The navy then had an empire to protect, from which Britain looted prodigious wealth, and from which the ruling class became fantastically wealthy.
Even in the 1940s the navy posed a huge barrier to a German seaborne invasion.
The other wings of British imperialism’s armed forces however were also powerful and potent.
The army, even after the Second World War, was able to deploy hundreds of thousands of troops from Malaya to the Suez Canal, while its air force was able to defend the UK in the 1940s against a more powerful German opponent.
British imperialism has now lost its empire, is mired in the capitalist crisis, with service industries making up 70 per cent of its economy, while its budget deficit, as a share of GDP, is similar to that of Greece.
Its decline and fall has now reached the point where a new Green Paper is raising the issue, that so deep is its financial crisis, that its three former independent services should amalgamate into one, or failing that, the airforce should be amalgamated with the army providing air cover for ground forces, and its navy should be shrunk, perhaps sharing an aircraft carrier or even other ships with the French navy.
That this is more than enough to fell Nelson from his column or topple Churchill from his Parliament Square plinth is obvious.
However, Churchill was able to see the writing on the wall, and what would be the fate of British imperialism.

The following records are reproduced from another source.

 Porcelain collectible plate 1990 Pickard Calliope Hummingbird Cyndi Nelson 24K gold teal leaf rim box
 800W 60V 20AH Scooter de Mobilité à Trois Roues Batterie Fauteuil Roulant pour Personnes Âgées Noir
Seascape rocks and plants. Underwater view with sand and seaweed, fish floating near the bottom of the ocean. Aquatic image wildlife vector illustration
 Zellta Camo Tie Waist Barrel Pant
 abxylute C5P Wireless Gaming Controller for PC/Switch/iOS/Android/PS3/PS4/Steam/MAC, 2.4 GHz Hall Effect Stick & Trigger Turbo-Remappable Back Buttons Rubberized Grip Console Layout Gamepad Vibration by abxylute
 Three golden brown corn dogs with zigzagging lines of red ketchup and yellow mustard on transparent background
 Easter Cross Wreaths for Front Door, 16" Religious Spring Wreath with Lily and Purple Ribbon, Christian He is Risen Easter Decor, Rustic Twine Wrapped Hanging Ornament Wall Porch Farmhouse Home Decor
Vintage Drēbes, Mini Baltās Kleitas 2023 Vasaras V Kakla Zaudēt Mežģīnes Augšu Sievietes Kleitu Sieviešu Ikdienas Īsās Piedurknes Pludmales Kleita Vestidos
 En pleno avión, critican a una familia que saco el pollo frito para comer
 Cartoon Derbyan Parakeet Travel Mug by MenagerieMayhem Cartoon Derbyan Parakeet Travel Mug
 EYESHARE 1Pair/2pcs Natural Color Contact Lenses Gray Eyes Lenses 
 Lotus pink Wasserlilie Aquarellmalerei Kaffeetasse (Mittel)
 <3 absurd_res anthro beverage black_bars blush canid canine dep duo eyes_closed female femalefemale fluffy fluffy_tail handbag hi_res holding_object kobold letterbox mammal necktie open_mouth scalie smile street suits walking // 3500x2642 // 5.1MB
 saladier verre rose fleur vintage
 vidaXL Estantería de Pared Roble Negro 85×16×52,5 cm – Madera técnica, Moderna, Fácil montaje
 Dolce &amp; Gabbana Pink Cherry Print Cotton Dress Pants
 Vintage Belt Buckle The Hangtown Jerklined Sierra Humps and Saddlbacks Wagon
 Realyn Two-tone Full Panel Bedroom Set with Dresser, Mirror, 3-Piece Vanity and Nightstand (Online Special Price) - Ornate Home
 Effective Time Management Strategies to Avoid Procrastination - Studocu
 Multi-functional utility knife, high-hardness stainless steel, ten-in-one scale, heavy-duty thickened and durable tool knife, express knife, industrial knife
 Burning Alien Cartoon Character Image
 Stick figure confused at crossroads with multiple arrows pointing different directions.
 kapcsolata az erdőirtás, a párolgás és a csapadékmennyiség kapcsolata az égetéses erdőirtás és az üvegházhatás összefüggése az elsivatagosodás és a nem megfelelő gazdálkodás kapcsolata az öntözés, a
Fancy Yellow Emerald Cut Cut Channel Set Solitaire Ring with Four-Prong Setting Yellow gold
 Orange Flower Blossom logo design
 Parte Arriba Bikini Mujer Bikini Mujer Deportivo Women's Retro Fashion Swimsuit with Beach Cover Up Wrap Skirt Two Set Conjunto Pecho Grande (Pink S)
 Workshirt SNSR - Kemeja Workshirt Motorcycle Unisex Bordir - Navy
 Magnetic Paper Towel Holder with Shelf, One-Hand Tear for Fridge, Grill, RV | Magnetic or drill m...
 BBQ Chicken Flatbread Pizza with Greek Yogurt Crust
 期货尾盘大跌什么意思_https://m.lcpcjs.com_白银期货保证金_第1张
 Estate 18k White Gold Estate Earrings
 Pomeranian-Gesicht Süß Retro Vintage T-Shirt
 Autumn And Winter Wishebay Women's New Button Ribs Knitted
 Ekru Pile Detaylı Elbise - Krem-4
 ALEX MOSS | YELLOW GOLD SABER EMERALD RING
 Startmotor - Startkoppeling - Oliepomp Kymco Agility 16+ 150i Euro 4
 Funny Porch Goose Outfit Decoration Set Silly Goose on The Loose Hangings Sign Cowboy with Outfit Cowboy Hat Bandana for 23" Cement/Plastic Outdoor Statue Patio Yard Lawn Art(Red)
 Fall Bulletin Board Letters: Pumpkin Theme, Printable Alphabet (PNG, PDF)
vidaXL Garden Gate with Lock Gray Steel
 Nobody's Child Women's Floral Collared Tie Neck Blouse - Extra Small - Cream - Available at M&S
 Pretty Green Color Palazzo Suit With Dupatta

In 1939 he understood that everything rested on getting Roosevelt to bring the US into the war with Germany, while in 1946 he confessed to Truman that if he could be born again, he would prefer to be an American.
British imperialism has now hit the rocks.
Its new project, which befits its new status, is to have armed forces equipped and trained and organised to fight America’s colonial wars in Afghanistan and other places.
Its petty future is to act as a mercenary for US imperialism. So far has British imperialism fallen that such armed forces would not be able to defend the UK against any attempt at invasion. For that it would have to rely on the United States. This perspective means that the strategic requirement of UK governments would be, like the Blair government, to work out the needs of US imperialism even before the US ruling class becomes aware of them.
All the talk of Defence Secretary Ainsworth, that the new defence Green Paper raises the issue that ‘We need to be more adaptable in how we structure, equip and train our armed forces’, plus whether the UK should ‘further integrate’ its forces with those of key allies, plus the possibility of the end of the three branches of the armed forces, is in fact an admission of the approaching end of British imperialism.
General Sir Mike Jackson has however cautioned: ‘I very much hope we will not rush to quick decisions about this or that ship, this or that capability on land or air, but actually go through a rigorous intellectual process from which we can make decisions. Only then can we say “can we afford them”?’ he said.
He is hitting on the main issue for the military cadre. This is that ‘we’ have to be able to defend capitalist Britain from ‘our’ own resources, and so ‘we’ have to be able to afford it.
This becomes an issue of ‘guns not butter’ and slashing, even more than is currently being mooted, the government’s health and welfare budget, in order to be able to expand the military budget.
The working class must defend its jobs, wages and basic rights. It has no interest in defending British imperialism.
It must call for the ending of the Trident programme, the scrapping of the programme to build three new aircraft carriers and the slashing of the military budget.
It must call for all troops to return to the UK, and for a workers government to bring in socialism.